Come out in the orchard this September day, under the low-bowed peach-trees, where great downy-cheeked peaches almost drop into our hands. Sit on the grassy bank with me, and I will show you the peach-tree’s treasure-box.

What does the peach-tree regard as most precious? If it could speak in words, it would tell you its seed is the one thing for which it cares most; for which it has worked ever since spring, storing food, and drinking in sunshine. And it is so dear and valued, because, when the peach-tree itself dies, this seed, its child, may still live on, growing into a beautiful and fruitful tree; therefore, the mother tree cherishes her seed as her greatest treasure, and has made for it a casket more beautiful than Mrs. Williams’s sandal-wood jewel-box.

See the great crack where this peach broke from the bough. We will pull it open; this is opening the cover of the outside casket. See how rich was its outside color, but how wonderfully beautiful the deep crimson fibres which cling about the hard shell inside. For this seed cannot be trusted in a single covering; moreover, the inner box is locked securely, and, I am sorry to say, we haven’t the key: so, if I would show you the inside, we must break the pretty box, with its strong, ribbed walls, and then at last we shall see what the peach-tree’s treasure-box holds.

Here, too, are the apples, lying on the grass at our feet; we will cut one, for it too holds the apple-tree’s treasure.
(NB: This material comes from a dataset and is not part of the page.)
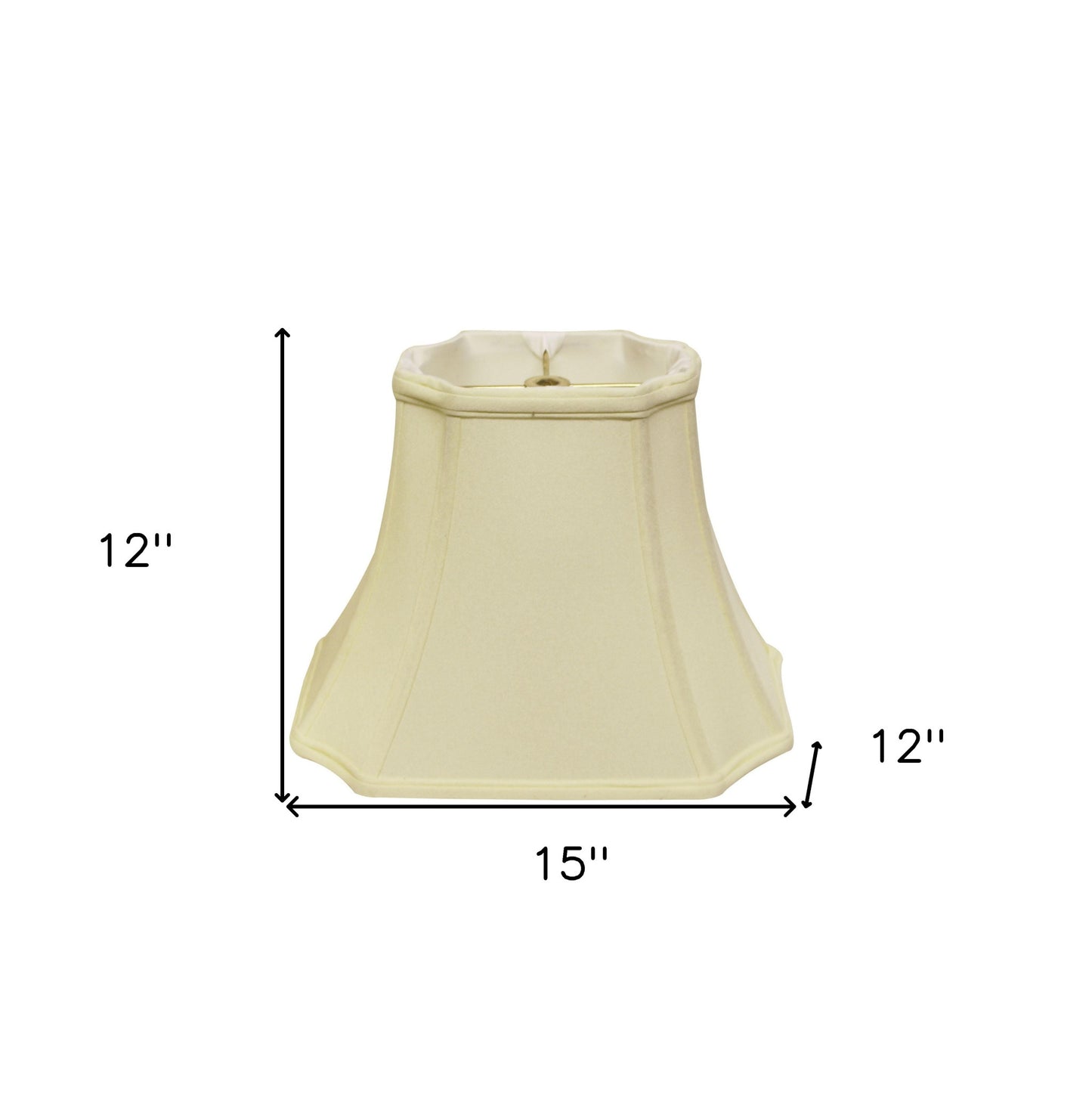 15" Ivory Inverted Rectangle Shantung Lampshade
First comes the skin, rosy and yellow, a pretty firm wrapping for the outside; but it sometimes breaks, when a strong wind tosses the apples to the ground, and sometimes the insects eat holes in it: so, if this were the only covering, the treasure would hardly be very safe. Therefore, next we come to the firm, juicy flesh of the apple,—seldom to be broken through by a fall, not often eaten through by insects; but lest even this should fail, we come at last, far in the middle, to horny sheaths, or cells, built up together like a little fortress, surrounding and protecting the brown, shining seeds, which we reach in the very centre of all.
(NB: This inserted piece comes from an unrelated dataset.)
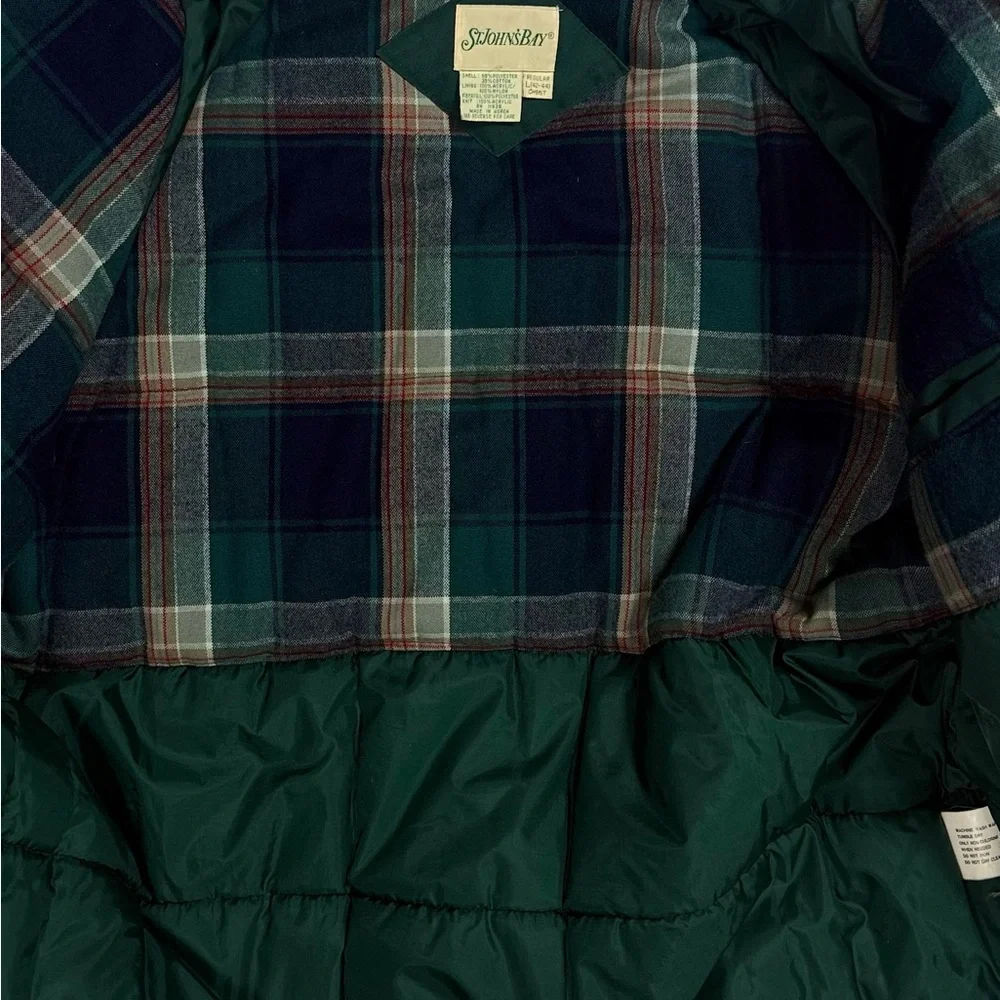 Vintage 90s St John's Bay hunter green‎ flannel lined mountain parka men's large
One thing more let us look at before we leave the apple. Cut it horizontally through the middle with a sharp knife, and try how thin and smooth a slice you can make; hold it up to the light, and we shall see something very beautiful. There in the centre of the round slice is the delicate figure of a perfect apple-blossom, with all its petals spread; for it was that lovely pink-and-white blossom from which the apple was formed,—a tiny green ball at first, which you may see in the spring, if you look where the blossoms have just fallen. As this little green apple grew, it kept in its very heart always the image of the fair blossom; and now that the fruit has reached this ripe perfection, we may still see the same form.
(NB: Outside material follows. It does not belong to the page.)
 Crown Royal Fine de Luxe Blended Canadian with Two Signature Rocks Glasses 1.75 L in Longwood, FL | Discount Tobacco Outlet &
The pears, too, the apricots and plums, you may see for yourselves; you do not need me to tell their stories.

But come down to the garden, for there I have some of the oddest and prettiest boxes to show. The pease and beans have long canoes, satin-lined and waterproof. On what voyage they are bound, I cannot say.

The tall milk-weed that grew so fast all summer, and threatened to over-run the garden, now pays well for its lodging by the exquisite treasure which its rough-covered, pale-green bag holds. Press your thumb on its closed edges; for this casket opens with a spring, and, if it is ripe and ready, it will unclose with a touch, and show you a little fish, with silver scales laid over a covering of long, silken threads, finer and more delicate than any of the sewing-silk in your mother’s work-box. This silk is really a wing-like float for each scale; and the scales are seeds, which will not stay upon the little fish, but long to float away with their silken trails, and, alighting here and there, cling and seek for a good place to plant themselves.

See, too, how the poppy has provided herself with a deep, round box of a delicate brown color; the carved lid might have been made by the Chinese, it looks so much like their fine work. Full to the brim, this box is. The poppy is rich in the autumn; brown seeds by the hundred, packed away for another year’s use.

Here are the balsams,—touch-me-nots, we used to call them when I was a child; for, Poor things, so slightly have they locked up their treasure, that even the baby’s little finger will open the rough-feeling oblong casket with a snap and a spring, and send the jewels flying all over the garden-bed, where you will scarcely be able to find them again.

Roses have beautiful round, red globes to hold their precious seeds; and so firm and strong are they, that the winter winds and snows even do not break or open them. I have found them dashed with sea-spray, or on dusty roadsides; everywhere strong and safe, making the dullest day bright with their cheery color.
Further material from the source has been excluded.